Oil prices fell more than 2 percent Tuesday after a new report from Washington projected a cumulative $7 trillion U.S. deficit for the next decade.
Minutes before the nonpartisan Congressional Budget Office released its deficit forecast, however, crude briefly touched $75 a barrel for the first time in 10 months on new signals that consumers are feeling a little better about the economy.
Questions about when energy demand will rebound has led to volatile prices and that uncertainty played out again on energy markets Tuesday.
"Oil still struggles to follow through decisively with an upside breakout," PFGBest Research analyst Phil Flynn said in a note to clients Tuesday. "Is oil destined to make new highs, or is it just a matter of time before we see a correction of massive proportions?"
Benchmark crude for October delivery fell $1.59 to $72.78 a barrel in trading on the New York Mercantile Exchange.
The New York-based Conference Board provided a bit of good news when it said its Consumer Confidence index rose to 54.1 from an upwardly revised 47.4 in July. Economists surveyed by Thomson Reuters had expected a slight increase to 47.5.
Still, the index is well below 90, the minimum level associated with a healthy economy. Anything above 100 signals strong growth.
Energy prices have risen sharply this year mostly on the belief that the economy is getting better and demand will rebound soon.
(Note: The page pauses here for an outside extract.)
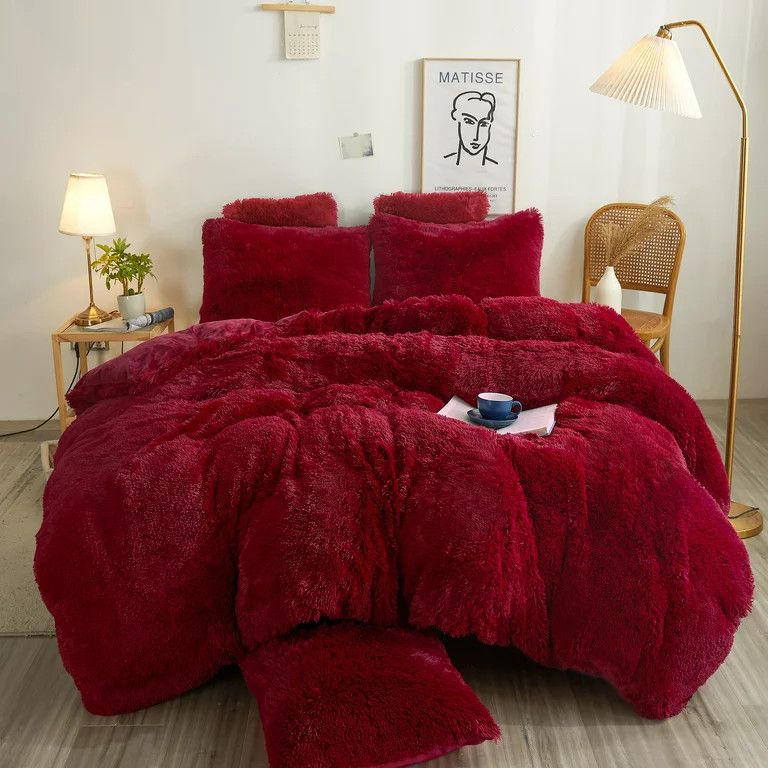 XeGe 2 Pieces Plush Faux Fur Duvet Cover Set, Luxury Soft Fluffy Furry Comforter Cover Set, Shagg... | Walmart (US)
Still, the rules of supply and demand still apply to current prices and on Wednesday, the government will release its weekly report on how much supply we have.
Last week, a surprise drawdown in crude began a rally that ran through Monday, the fourth-consecutive day in which oil prices moved higher.
Despite optimism about recovery from recession, analysts say energy demand remains in the doldrums and seasonally lower demand for gasoline as the summer holidays end will exacerbate that weakness.
"In my view, oil prices will likely give in to the fundamentals in the coming week," said Victor Shum, an energy analyst with consultancy Purvin & Gertz in Singapore. "Seasonally, oil demand is lower in autumn, so reduced demand in the shoulder season may put further pressure on oil."
U.S. gasoline prices remain pretty much flat as the peak driving season comes to and end.
Retail gas prices fell less than a penny overnight to a new national average of $2.623 a gallon, according to auto club AAA, Wright Express and Oil Price Information Service. A gallon of regular unleaded is 13.1 cents more expensive than it was a month ago, but it's $1.058 cheaper than last year.
The Energy Department late Monday reported that prices at the pump moved lower for the second straight week.
In other Nymex trading, gasoline for September delivery fell 3.21 cents to $2.02 a gallon and heating oil fell 4.24 cents to $1.881 a gallon. Natural gas fell 8.7 cents to $2.836 per 1,000 cubic feet.
In London, Brent crude fell $1.16 cents at $73.10.